My twitter account will attest to my low opinion of Syriza's negotiating team, first and foremost the game-theory academic who clearly knows nothing about negotiating in the real world, Yanis Varoufakis. Note to this clown circus: when you are cash strapped, don’t flip-off or otherwise belittle the people who can throw you a lifeline or let you drown outright.
Related to this epic incompetence, I mentioned a compression trade that went down in flames a few weeks ago. It was a compression between NA high grade and Europe high grade CDS spreads. High grade is the place to express the trade: high yield is at this point concerned about its own idiosyncratic problems, not the macro-level stuff. Levered 3X at 10bps would pick up quick money on compression plus the premium on NA if Greece came front and center. I closed as ECB QE took the wind out of it. Since I threw in the towel, the tide appears to have turned. Not claiming to be right on the trade—poorly timed is the same thing as ill-conceived. There is no accrual accounting: this is all tier 1, mark-to-market trading.
Given the incredible incompetence of the Greek government even discounting their dire straights, I can’t see any feasible way out of this without default. And this will be terrible for Greece. For the rest of the ECB, not so much.

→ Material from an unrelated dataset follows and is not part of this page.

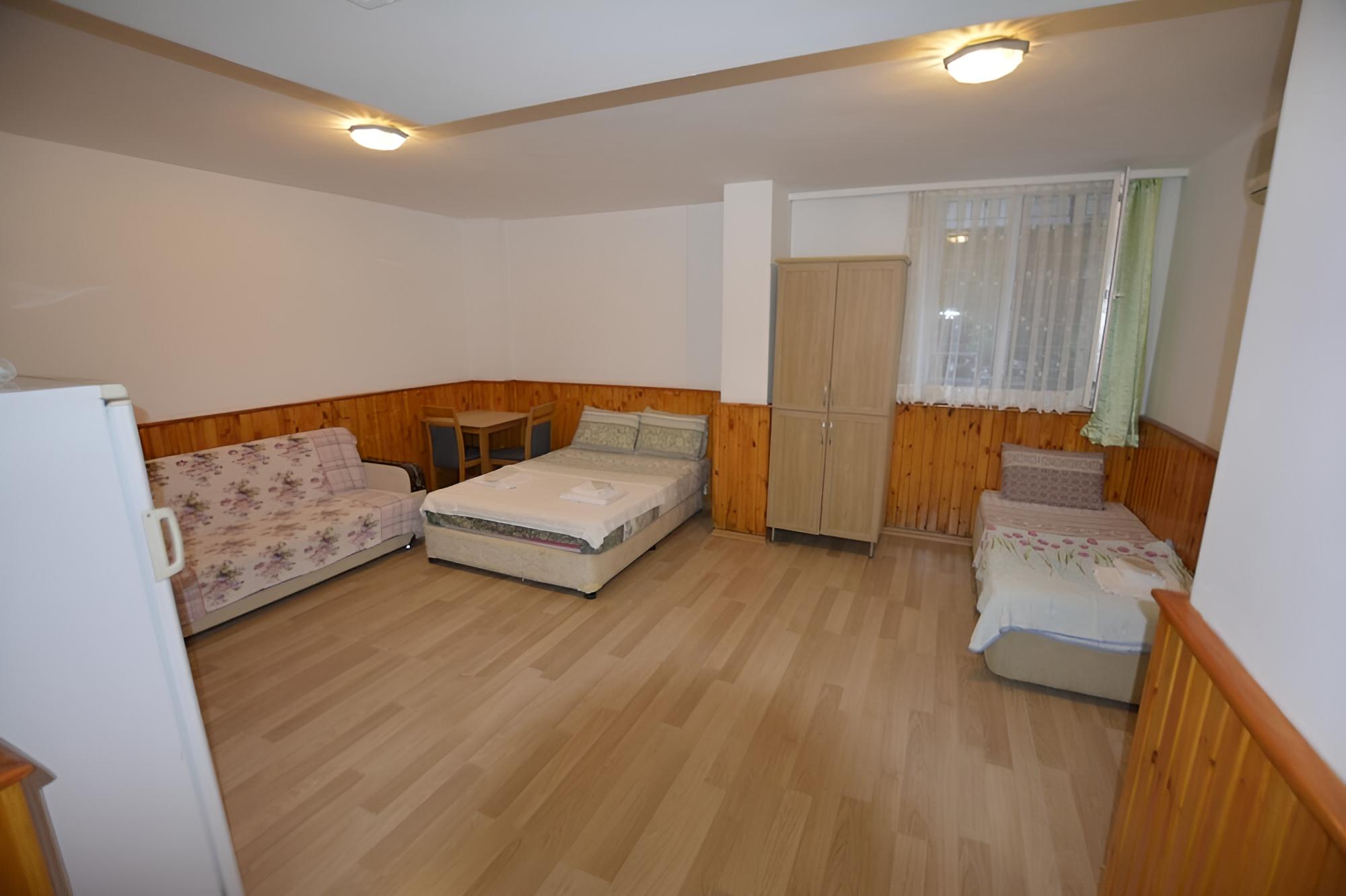 Basic Triple Room photo 1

You see, the Greek negotiators have single-handedly made voters in Germany completely unwilling to support any relaxation of terms given to Greece. Not that Greece has offered any concrete terms. So the market is saying that corporate debt has been marginally underpriced in Europe given the risks, but there is no impending disaster for the rest of the EU.
The disaster is there for the Greeks though. You see, the Syriza solution is to retunr to the drachma and nationalize their banking system. This will pretty much clinch systemic defaults. Greece may run their printing presses and load up on kitty-litter drachmas and pretend like this will keep pensions and the hand-outs flowing unchecked, but this, pardon the expression, a load of crap. All you will get with a toilet paper currency is inflation. All you get from nationalizing the banking system is politicians telling business what hey can and can't do. It doesn’t resolve the external debt problem. Greek banks and corporations owe EUR and will continue to do so. Failure to pay in EUR which the Greek government cannot print will lead to widespread default.

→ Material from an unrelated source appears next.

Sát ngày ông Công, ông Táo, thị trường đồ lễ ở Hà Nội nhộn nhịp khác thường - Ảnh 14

There is no way to get away from the EUR even if you do print drachmas. Nobody will want them and will contract and use euros in spite of any political dictates. The Greek government’s solution is like a deluded Charlie Sheen on drug-infused bender: Banks will be nationalized and likely will institute capital controls.
Seriously? Can you not just consider throwing these clowns out and trying a more realistic approach?
The country has more debt than it can afford and it should get on with restructuring it. And sovereign bond investors should never forget that they are credit investors. Let’s hope the defaults are few and the recovery high.